Vous pourriez […] me dire de quels conférenciers il serait possible de faire coïncider le voyage avec les représentations ou concerts en question ; quels seraient les compositeurs que l’on devrait s’efforcer d’envoyer en Italie pour répondre à la curiosité ou à l’intérêt du public ; quels artistes y auraient particulièrement chance de succès, tant dans le domaine théâtral que dans le domaine musical, également, si quelques expositions de peinture ou d’art français offriraient un élément suffisant pour que nous envisagions la possibilité de les organiser (Cortot 1916b).

Rapidement Prunières est en relation avec le Comte de San Martino, directeur de l’Accademia Santa Cecilia. Ce dernier soutient le développement de la musique moderne en Italie et fait de l’Académie le bastion du renouveau musical italien. Giovanni Sgambati, pionnier de ce renouveau, y enseigne le piano jusqu’à sa mort en 1915. Alfredo Casella prend alors le poste de Sgambati et crée la « Società Italiana di Musica Moderna » dont les concerts ont lieu à l’Académie. Prunières, appuyé par Casella, met sur pied un comité italien présidé par le Comte de San Martino pour la diffusion de la musique française. Prunières et Cortot obtiennent au même moment la participation de l’Opéra-Comique qui se déplacera en Italie au début de 1917.
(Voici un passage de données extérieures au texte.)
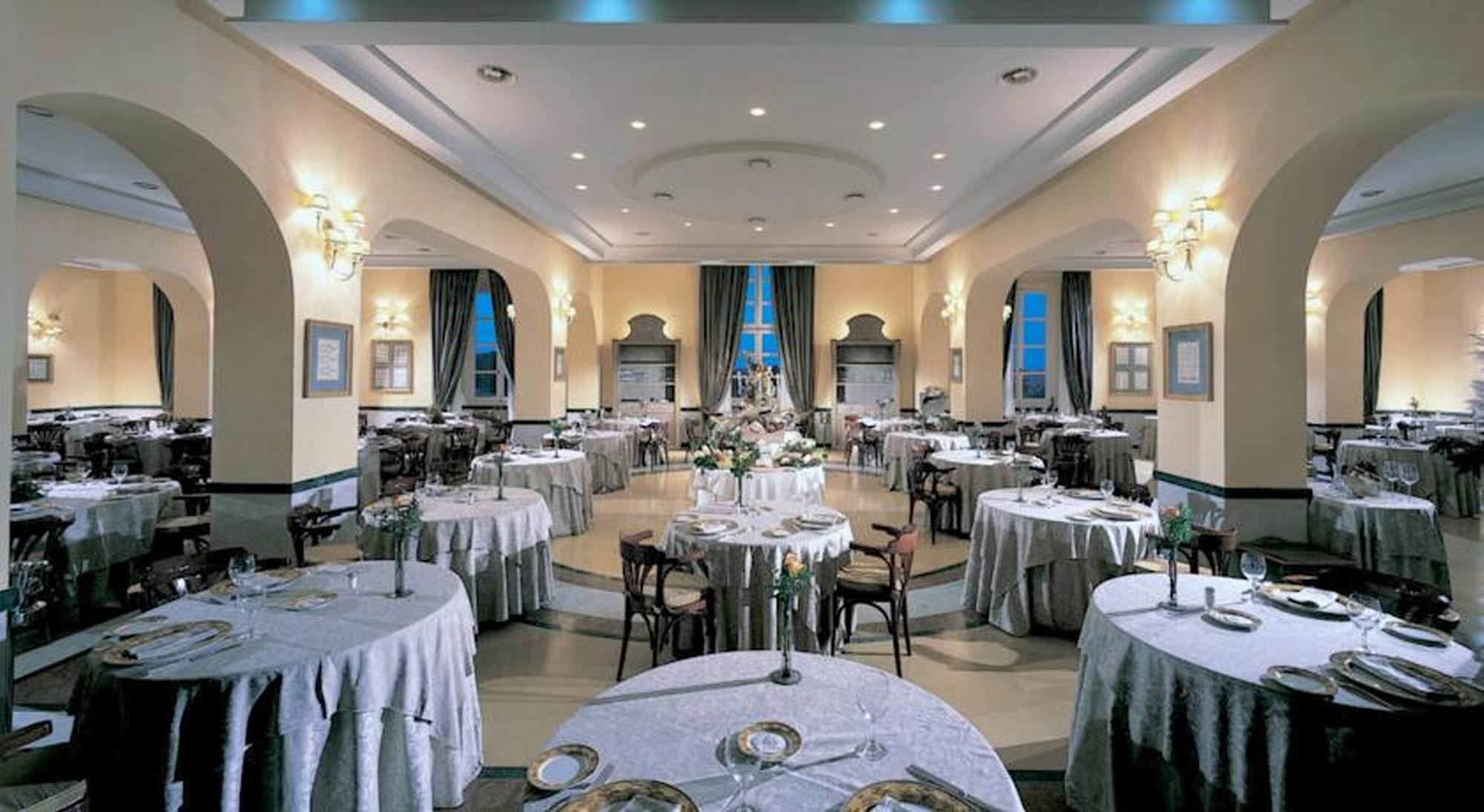 Restaurant Bagni di Pisa Palace and Thermal Spa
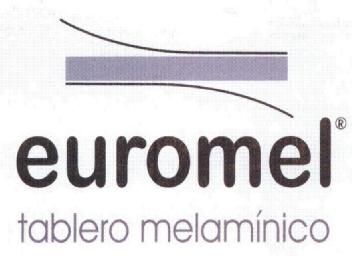 Imagen de EUROMEL TABLERO MELAMINICO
Prunières envisageait probablement moins son action parallèle à ses activités de fonctionnaire comme de la propagande que comme une occasion unique d’une part, de diffuser de la musique française à l’étranger et, d’autre part, de créer des liens artistiques qui permettraient, dans l’avenir, la mise en place d’un réseau international d’échange des œuvres musicales et des artistes.

En 1917, sa femme le rejoint à Rome. Ils emménagent au 19 Corso d’Italia, avec Alfredo Casella comme voisin de palier. La demeure des Prunières devient le lieu de rendez-vous des musiciens et des artistes de passage à Rome 10. C’est aussi à cette époque que le jeune musicologue fait part publiquement de son projet de revue musicale, comme semble le confirmer le critique musical italien Guido M. Gatti :

[La Revue musicale] naquit pendant une de ces soirées au cours desquelles il rassemblait dans sa maison du Corso d’Italia des musiciens, des peintres, des écrivains et des critiques musicaux […] Je m’entretins à plusieurs reprises, avec lui et Alfredo Casella, du sujet qui nous tenait à cœur : créer une revue pour appuyer le mouvement musical qui se développait dans tous les pays à ce moment et qui s’annonçait avec l’aspect précis d’un bouleversement fondamental (« Hommage à Henry Prunières » 1952-1953, p. 16).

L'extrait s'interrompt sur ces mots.